ABOUT THIS TASK
Give again exactly the lines that run from the start of the records to the line holding "Hello friends, hope", both ends counted. Do not include the pictures.

LISTED ENTRIES
- - - - - - -

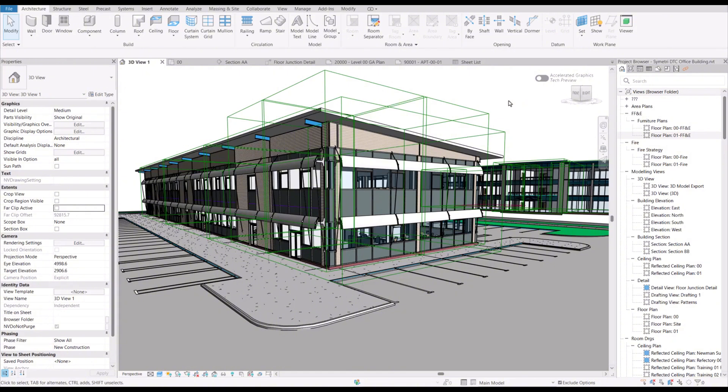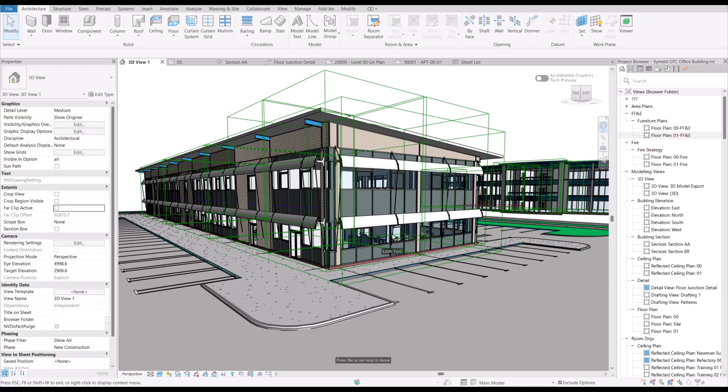So looking at the view that we have here, if we use the navigation wheel here and start to look around the model,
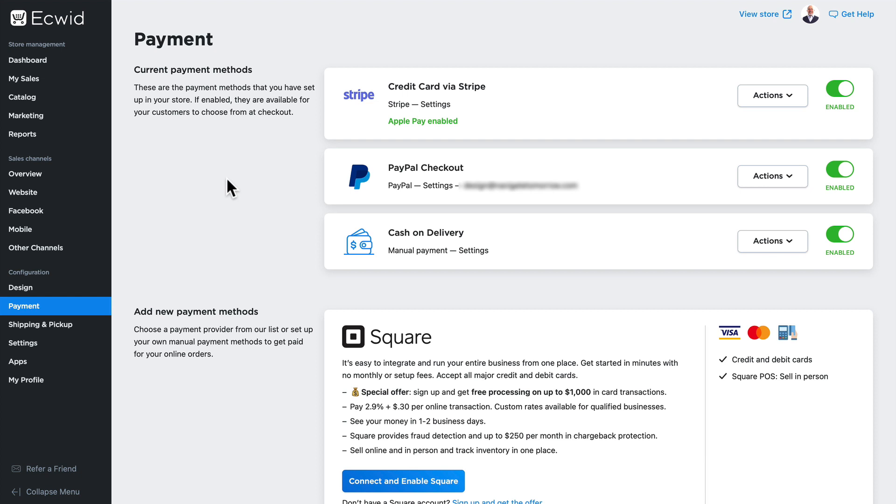No matter what kind of payment options you need to use, Ecwid has you covered so that you can get paid for the products and services you provide.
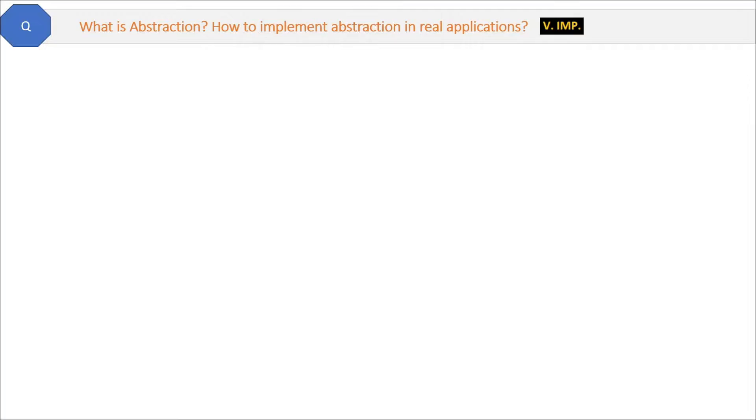Hello friends, hope you are doing good in your careers. Today we are covering a very interesting topic: abstraction, and one very confusing topic also — managers. I will explain what abstraction is, how we can achieve abstraction in real applications, and how managers are like abstraction.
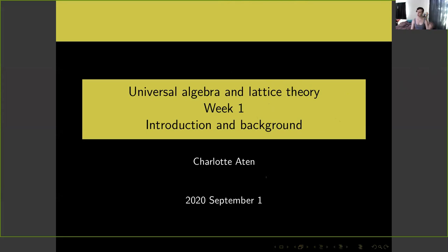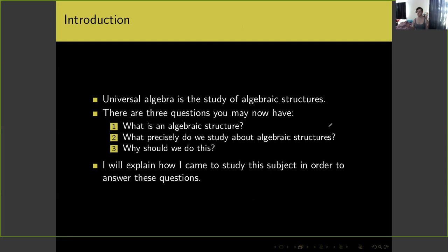As I said before, I'm Charlotte Ayton. And if you're listening to this lecture today, for me today is September 1st of the year 2020. First of all, universal algebra is the study of algebraic structures. That's very succinct, but you may now have a few questions: what is an algebraic structure exactly? What precisely do we study about these algebraic structures? And why should I do any of this?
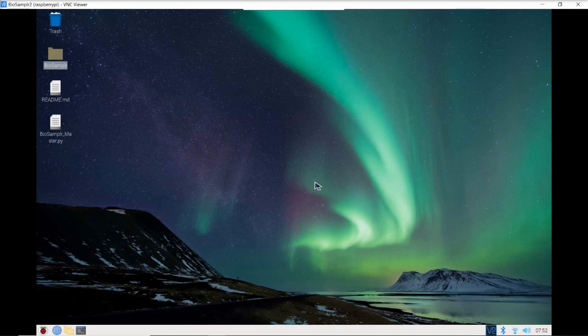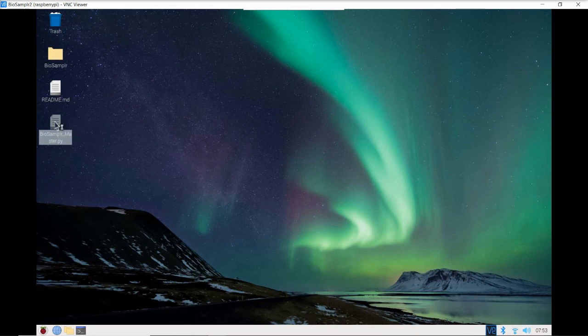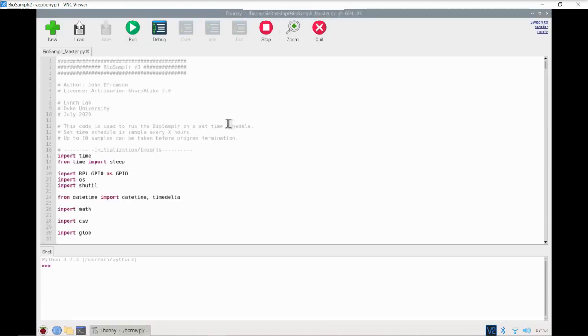In the last couple sections we went through the assembly process. If you have not seen those videos, maybe take a look at those before continuing. We are going to first take a look at the master script, and then we're going to go through some test files that help calibrate and make sure everything's working for the instrument.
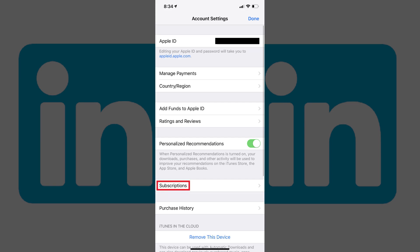Step 6: Locate Subscriptions on the Account Settings screen. It should appear directly above the Purchase History option. If you don't see a Subscriptions option, that means there are no subscriptions associated with your Apple ID. As a result, you did not purchase your LinkedIn subscription through iTunes, and you will have to cancel it through the LinkedIn website. Tap Subscriptions.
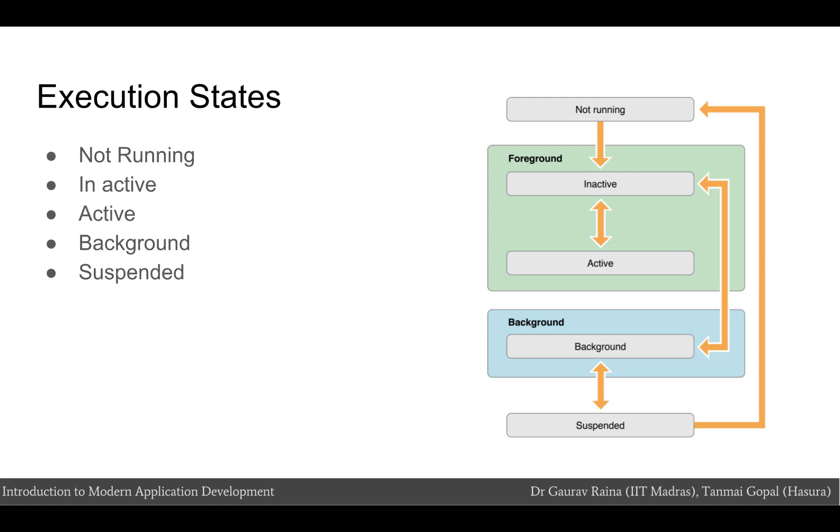Inactive state is when the app is running in the foreground but is currently not receiving events. An app usually stays in this state only briefly as it transitions to a different state. When the app is in the active state, it is running in the foreground and is receiving events. This is the normal mode for foreground apps. When the app is in the background and executing code, it is said to be in the background state. Most apps enter this state briefly on their way to being suspended. However, an app that requests extra execution time may remain in this state for a period of time. In addition, an app being launched directly into the background enters the state instead of the inactive state.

- - - - - - -

EXERCISE SOLUTION
So looking at the view that we have here, if we use the navigation wheel here and start to look around the model,
No matter what kind of payment options you need to use, Ecwid has you covered so that you can get paid for the products and services you provide.
Hello friends, hope you are doing good in your careers. Today we are covering a very interesting topic: abstraction, and one very confusing topic also — managers. I will explain what abstraction is, how we can achieve abstraction in real applications, and how managers are like abstraction.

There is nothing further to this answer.